== Segment start ==

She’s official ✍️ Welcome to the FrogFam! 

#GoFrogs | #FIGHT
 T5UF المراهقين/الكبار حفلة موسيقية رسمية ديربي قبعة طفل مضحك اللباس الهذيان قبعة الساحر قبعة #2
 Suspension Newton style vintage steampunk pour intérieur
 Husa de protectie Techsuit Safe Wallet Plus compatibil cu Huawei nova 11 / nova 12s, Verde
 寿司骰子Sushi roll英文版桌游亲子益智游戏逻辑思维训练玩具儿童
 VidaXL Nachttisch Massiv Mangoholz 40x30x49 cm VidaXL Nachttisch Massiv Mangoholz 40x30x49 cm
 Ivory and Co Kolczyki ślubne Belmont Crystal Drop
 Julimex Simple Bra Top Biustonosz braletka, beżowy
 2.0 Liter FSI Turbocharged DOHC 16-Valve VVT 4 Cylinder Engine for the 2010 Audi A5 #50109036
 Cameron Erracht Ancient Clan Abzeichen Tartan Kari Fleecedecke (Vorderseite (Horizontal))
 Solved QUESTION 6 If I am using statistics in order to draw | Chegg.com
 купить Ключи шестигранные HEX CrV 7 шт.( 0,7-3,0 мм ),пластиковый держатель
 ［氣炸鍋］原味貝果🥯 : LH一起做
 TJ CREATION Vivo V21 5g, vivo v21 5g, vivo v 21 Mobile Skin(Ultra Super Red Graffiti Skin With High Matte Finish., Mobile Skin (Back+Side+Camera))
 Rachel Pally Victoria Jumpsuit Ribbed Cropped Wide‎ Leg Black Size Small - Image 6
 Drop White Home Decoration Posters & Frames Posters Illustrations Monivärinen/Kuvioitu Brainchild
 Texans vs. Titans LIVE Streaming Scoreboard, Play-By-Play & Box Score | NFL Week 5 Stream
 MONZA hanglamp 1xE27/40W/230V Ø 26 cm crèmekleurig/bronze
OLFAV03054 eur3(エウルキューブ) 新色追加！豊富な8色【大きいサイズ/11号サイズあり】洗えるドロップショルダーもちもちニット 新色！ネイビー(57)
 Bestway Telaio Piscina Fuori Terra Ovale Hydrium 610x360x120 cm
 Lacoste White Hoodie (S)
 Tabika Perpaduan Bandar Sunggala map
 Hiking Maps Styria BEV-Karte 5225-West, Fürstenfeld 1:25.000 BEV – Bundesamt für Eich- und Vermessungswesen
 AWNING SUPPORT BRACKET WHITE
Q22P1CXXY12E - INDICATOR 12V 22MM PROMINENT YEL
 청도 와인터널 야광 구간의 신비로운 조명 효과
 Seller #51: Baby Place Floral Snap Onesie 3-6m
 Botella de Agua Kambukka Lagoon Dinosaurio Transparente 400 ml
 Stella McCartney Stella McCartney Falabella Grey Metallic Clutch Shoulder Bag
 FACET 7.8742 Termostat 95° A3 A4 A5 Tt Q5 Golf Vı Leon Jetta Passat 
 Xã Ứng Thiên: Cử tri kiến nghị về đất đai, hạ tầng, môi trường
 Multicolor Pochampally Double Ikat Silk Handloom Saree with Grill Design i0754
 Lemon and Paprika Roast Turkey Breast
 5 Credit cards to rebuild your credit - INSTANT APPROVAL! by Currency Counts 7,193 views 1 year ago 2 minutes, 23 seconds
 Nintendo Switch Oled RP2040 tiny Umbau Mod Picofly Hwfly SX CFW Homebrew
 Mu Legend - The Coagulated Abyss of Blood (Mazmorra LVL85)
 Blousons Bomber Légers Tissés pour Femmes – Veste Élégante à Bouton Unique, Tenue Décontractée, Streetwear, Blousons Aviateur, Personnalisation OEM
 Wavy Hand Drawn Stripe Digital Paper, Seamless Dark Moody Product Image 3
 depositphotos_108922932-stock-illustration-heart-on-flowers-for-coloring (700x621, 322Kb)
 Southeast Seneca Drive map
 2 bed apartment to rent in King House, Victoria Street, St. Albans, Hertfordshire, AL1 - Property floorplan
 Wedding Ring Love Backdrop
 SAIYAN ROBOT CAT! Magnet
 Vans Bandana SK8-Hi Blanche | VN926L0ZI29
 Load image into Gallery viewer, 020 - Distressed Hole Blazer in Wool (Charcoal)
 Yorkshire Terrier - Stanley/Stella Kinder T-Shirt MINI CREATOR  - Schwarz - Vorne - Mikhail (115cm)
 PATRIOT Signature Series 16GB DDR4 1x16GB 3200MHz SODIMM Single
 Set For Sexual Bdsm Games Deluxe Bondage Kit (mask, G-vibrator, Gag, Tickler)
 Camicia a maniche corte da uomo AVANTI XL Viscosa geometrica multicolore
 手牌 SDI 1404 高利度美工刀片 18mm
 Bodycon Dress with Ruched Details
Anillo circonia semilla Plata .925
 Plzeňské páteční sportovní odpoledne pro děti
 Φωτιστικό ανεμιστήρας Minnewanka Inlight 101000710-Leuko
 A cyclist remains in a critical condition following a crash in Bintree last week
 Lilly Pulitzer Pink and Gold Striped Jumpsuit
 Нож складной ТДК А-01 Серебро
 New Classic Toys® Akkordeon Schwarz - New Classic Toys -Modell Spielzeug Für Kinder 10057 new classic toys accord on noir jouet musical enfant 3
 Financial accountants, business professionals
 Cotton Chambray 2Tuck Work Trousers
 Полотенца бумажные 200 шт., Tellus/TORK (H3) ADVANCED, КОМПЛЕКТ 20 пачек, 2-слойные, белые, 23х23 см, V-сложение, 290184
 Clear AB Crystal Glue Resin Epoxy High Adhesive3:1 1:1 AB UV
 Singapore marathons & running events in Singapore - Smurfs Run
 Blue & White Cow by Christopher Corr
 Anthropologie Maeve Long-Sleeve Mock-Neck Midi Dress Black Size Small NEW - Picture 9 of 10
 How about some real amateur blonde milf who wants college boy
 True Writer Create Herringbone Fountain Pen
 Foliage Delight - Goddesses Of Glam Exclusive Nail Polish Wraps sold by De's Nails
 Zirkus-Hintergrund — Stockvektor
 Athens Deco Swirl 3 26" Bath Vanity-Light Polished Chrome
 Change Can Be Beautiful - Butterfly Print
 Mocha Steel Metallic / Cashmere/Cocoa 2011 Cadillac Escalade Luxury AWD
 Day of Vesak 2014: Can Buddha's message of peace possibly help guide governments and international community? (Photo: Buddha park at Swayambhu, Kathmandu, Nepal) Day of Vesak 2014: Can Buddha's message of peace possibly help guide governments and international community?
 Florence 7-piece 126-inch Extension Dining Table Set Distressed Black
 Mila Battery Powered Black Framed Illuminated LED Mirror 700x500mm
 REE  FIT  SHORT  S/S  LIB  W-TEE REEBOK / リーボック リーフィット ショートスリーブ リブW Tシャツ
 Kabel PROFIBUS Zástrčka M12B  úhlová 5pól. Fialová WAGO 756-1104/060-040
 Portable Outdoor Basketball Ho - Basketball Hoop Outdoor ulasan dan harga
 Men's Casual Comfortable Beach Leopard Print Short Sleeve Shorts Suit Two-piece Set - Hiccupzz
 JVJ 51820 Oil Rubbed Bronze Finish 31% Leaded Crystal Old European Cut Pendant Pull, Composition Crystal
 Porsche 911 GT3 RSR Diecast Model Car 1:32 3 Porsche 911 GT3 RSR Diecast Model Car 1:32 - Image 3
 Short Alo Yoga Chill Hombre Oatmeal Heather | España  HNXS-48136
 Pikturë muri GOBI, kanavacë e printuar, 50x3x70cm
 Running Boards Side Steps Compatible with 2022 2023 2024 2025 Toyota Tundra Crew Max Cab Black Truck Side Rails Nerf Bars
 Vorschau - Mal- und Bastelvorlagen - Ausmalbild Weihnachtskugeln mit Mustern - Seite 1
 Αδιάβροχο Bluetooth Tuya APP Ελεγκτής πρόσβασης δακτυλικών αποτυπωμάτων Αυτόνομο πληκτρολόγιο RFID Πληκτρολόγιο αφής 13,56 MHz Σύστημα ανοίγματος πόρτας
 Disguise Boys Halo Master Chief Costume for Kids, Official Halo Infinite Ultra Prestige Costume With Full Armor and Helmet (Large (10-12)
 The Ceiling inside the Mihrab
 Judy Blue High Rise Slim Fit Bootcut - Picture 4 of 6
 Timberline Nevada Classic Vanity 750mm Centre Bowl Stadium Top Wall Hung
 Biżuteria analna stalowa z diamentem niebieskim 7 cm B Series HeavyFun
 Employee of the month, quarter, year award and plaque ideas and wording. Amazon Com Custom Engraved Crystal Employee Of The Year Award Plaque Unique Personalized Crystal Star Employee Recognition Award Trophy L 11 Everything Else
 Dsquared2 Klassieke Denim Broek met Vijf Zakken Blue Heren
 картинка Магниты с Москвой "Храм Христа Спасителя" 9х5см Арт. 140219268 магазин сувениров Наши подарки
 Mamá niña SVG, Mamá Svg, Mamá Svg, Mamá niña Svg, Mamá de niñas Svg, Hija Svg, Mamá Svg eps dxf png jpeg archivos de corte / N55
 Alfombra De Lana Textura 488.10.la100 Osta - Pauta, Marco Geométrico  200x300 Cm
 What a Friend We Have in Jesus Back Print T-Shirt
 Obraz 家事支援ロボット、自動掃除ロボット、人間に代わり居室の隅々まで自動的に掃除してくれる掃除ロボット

== Segment end ==

- **PROBLEM TO WORK ON**
Copy out only the lines running from the beginning of the data to the line with "Xã Ứng Thiên: Cử", both ends included.

- **WRITTEN REPLY**
She’s official ✍️ Welcome to the FrogFam! 

#GoFrogs | #FIGHT
 T5UF المراهقين/الكبار حفلة موسيقية رسمية ديربي قبعة طفل مضحك اللباس الهذيان قبعة الساحر قبعة #2
 Suspension Newton style vintage steampunk pour intérieur
 Husa de protectie Techsuit Safe Wallet Plus compatibil cu Huawei nova 11 / nova 12s, Verde
 寿司骰子Sushi roll英文版桌游亲子益智游戏逻辑思维训练玩具儿童
 VidaXL Nachttisch Massiv Mangoholz 40x30x49 cm VidaXL Nachttisch Massiv Mangoholz 40x30x49 cm
 Ivory and Co Kolczyki ślubne Belmont Crystal Drop
 Julimex Simple Bra Top Biustonosz braletka, beżowy
 2.0 Liter FSI Turbocharged DOHC 16-Valve VVT 4 Cylinder Engine for the 2010 Audi A5 #50109036
 Cameron Erracht Ancient Clan Abzeichen Tartan Kari Fleecedecke (Vorderseite (Horizontal))
 Solved QUESTION 6 If I am using statistics in order to draw | Chegg.com
 купить Ключи шестигранные HEX CrV 7 шт.( 0,7-3,0 мм ),пластиковый держатель
 ［氣炸鍋］原味貝果🥯 : LH一起做
 TJ CREATION Vivo V21 5g, vivo v21 5g, vivo v 21 Mobile Skin(Ultra Super Red Graffiti Skin With High Matte Finish., Mobile Skin (Back+Side+Camera))
 Rachel Pally Victoria Jumpsuit Ribbed Cropped Wide‎ Leg Black Size Small - Image 6
 Drop White Home Decoration Posters & Frames Posters Illustrations Monivärinen/Kuvioitu Brainchild
 Texans vs. Titans LIVE Streaming Scoreboard, Play-By-Play & Box Score | NFL Week 5 Stream
 MONZA hanglamp 1xE27/40W/230V Ø 26 cm crèmekleurig/bronze
OLFAV03054 eur3(エウルキューブ) 新色追加！豊富な8色【大きいサイズ/11号サイズあり】洗えるドロップショルダーもちもちニット 新色！ネイビー(57)
 Bestway Telaio Piscina Fuori Terra Ovale Hydrium 610x360x120 cm
 Lacoste White Hoodie (S)
 Tabika Perpaduan Bandar Sunggala map
 Hiking Maps Styria BEV-Karte 5225-West, Fürstenfeld 1:25.000 BEV – Bundesamt für Eich- und Vermessungswesen
 AWNING SUPPORT BRACKET WHITE
Q22P1CXXY12E - INDICATOR 12V 22MM PROMINENT YEL
 청도 와인터널 야광 구간의 신비로운 조명 효과
 Seller #51: Baby Place Floral Snap Onesie 3-6m
 Botella de Agua Kambukka Lagoon Dinosaurio Transparente 400 ml
 Stella McCartney Stella McCartney Falabella Grey Metallic Clutch Shoulder Bag
 FACET 7.8742 Termostat 95° A3 A4 A5 Tt Q5 Golf Vı Leon Jetta Passat 
 Xã Ứng Thiên: Cử tri kiến nghị về đất đai, hạ tầng, môi trường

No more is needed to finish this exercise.